The other day, I went into my local Walgreens for a new mascara. Browsing the beauty section, it’s hard not to notice the new trends. There were, of course, lines of bright colors for spring, new lines of concealer, the normal products that are reintroduced every few months, branded as something ‘new and exciting.’
I noticed something, however. There seems to be an influx of ‘all natural products,’ overwhelmingly so. Clean beauty is the new craze, without a doubt. Everywhere you look, from Sephora to Walmart, brands are advertising their new, all natural products. Brands seem to be saying ‘Your regular beauty products contain all sorts of dangerous stuff. Use these safer ones instead.’
But what is clean beauty exactly? Clean Beauty Box, a primarily online brand, says “To us, Clean Beauty is defined by products that are mindfully created and produced without any proven or suspected toxic ingredients. Clean Beauty products include ingredients ethically sourced and are made with the health of our bodies and the environment in mind.” It sounds good, right? Who wouldn’t want safer, ethically sourced products?
It’s not an abstract concept at all, and it’s one that many consumers have subscribed to. Many celebrities, as well as popular Youtubers in the community, have been outspoken about the use of harmful additives in products.

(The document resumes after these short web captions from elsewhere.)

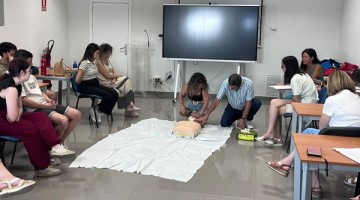 El alumnado pudo poner en práctica lo aprendido sobre la reanimación cardiopulmonar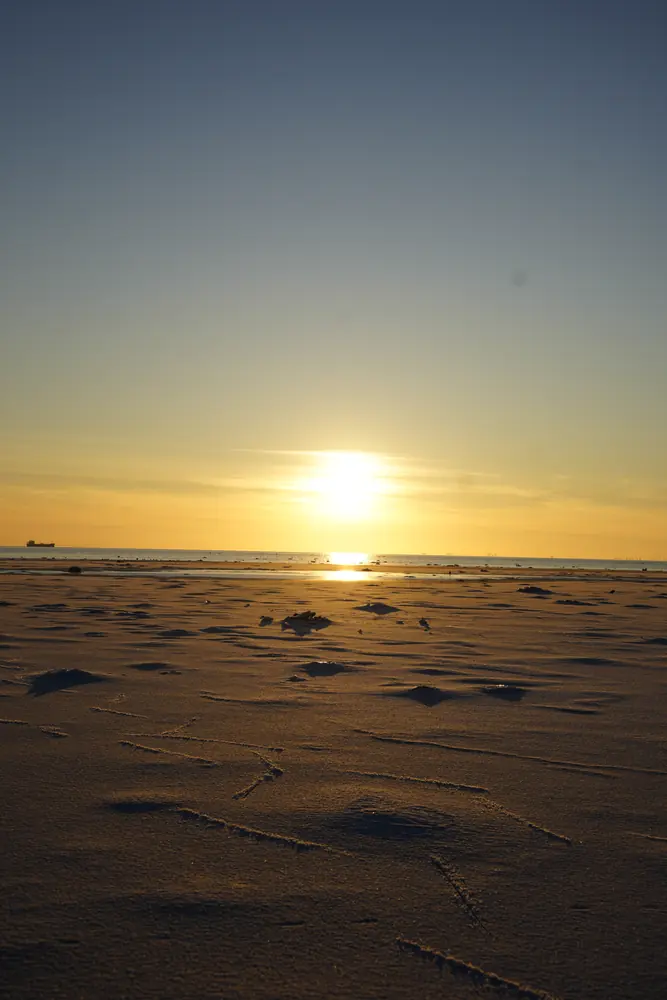 Frozen sea and low sun over Öresund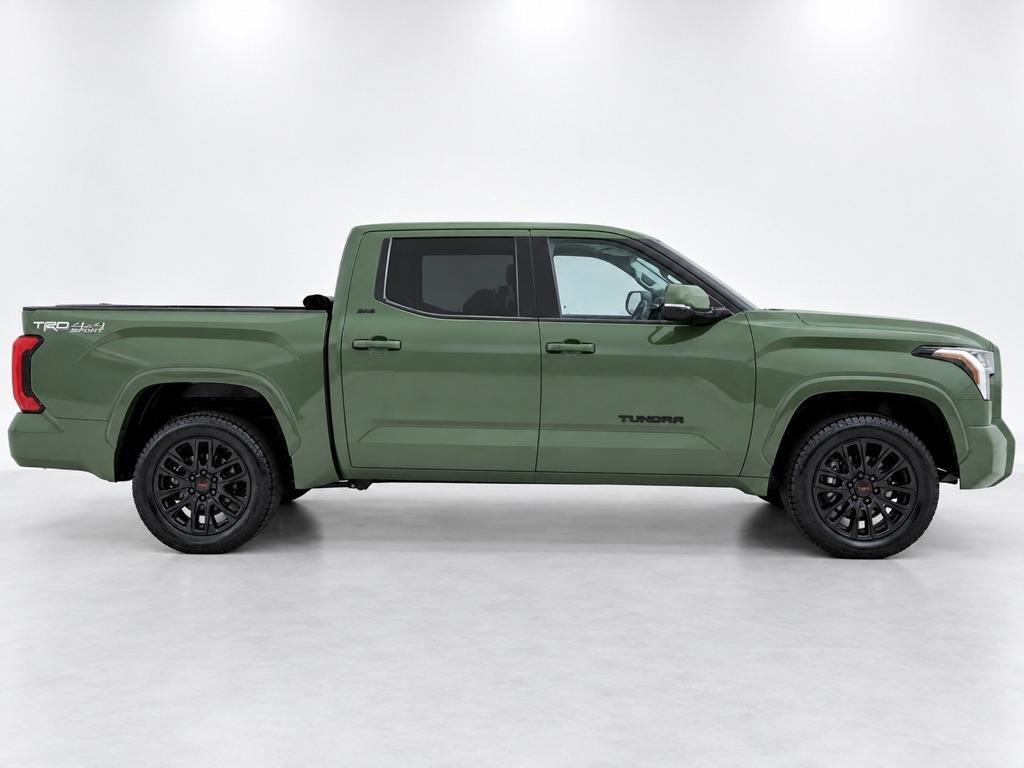 Toyota Tundra SR5 CrewMax 4WD 2022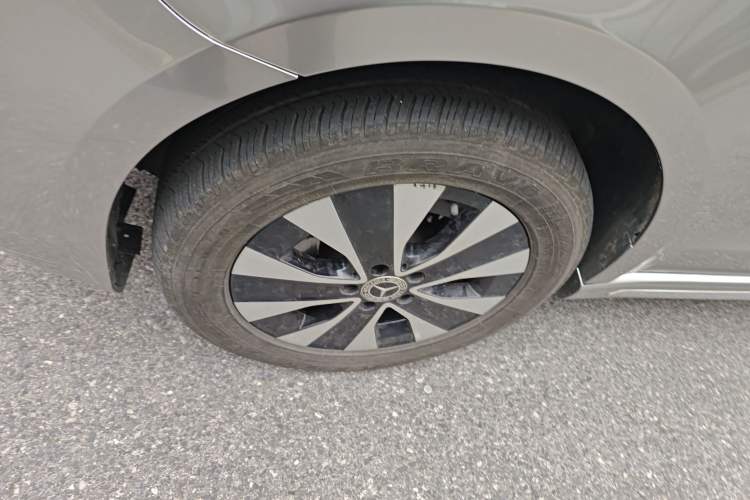 Used Mercedes-Benz Vito 2021 2.0T Business Version 7 Seats Left Front Wheel Hub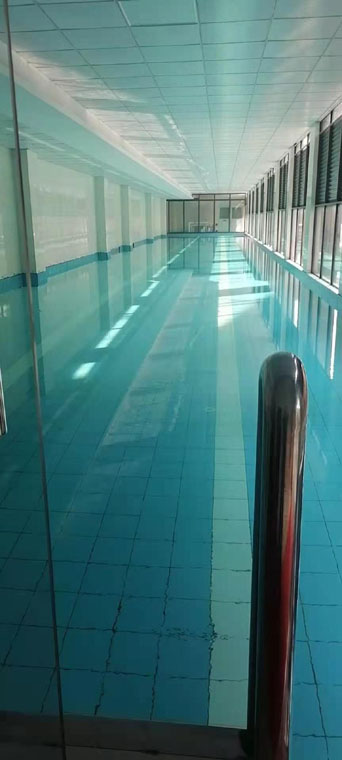 彭山縣費山路別墅恒溫泳池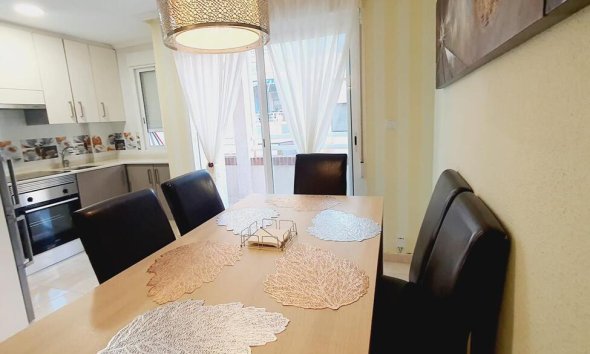 Revente - Apartment -
Torrevieja - Centro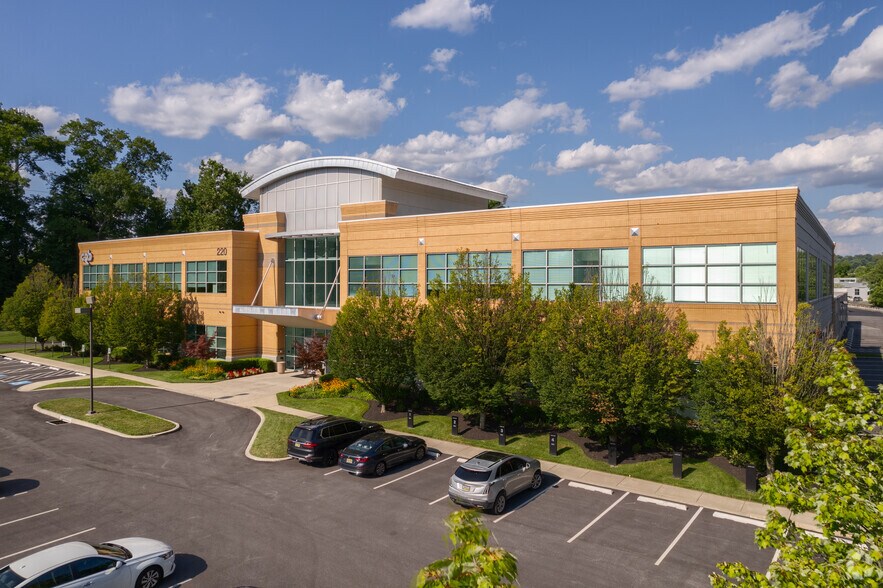 More Photos Of 220 W Germantown Pike, Plymouth Meeting Office For Sale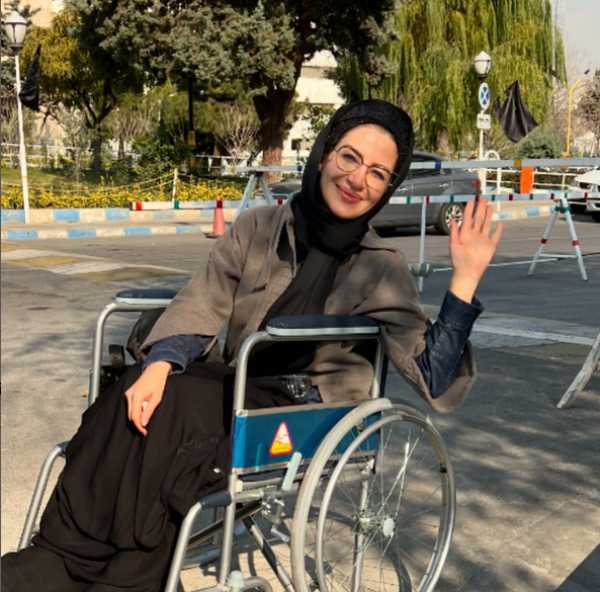 ملیکا زارعی مجری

Nikkie Tutorials, a popular makeup blogger with over 13.8 million Youtube subscribers, has been outspoken about using products with no parabens, fragrance, alcohol, and more. She claims that she recently removed silicons and heavy fragrance from her beauty routine, but also said “There’s a lot of contradiction between what’s safe and what’s not, it gets very overwhelming. But I would rather be safe than sorry.” This seems to be the ideology of many consumers nowadays, especially with the conflicting evidence of how harmful certain ingredients actually are.
It’s not just a social media fad, too. Brands have actually been targeted for using harsh chemicals. The popular hair care brand Wen settled a $26 million class-action case because one of its products was allegedly making people’s hair fall out. Johnson and Johnson have had their products criticised for allegedly causing cancer. This all leads to consumers wanting more out of their products. But is this new idea of ‘clean beauty’ a fad, or does it have actual science behind it. Should we all forego our old everyday makeup routine, and put in place new, all natural products instead?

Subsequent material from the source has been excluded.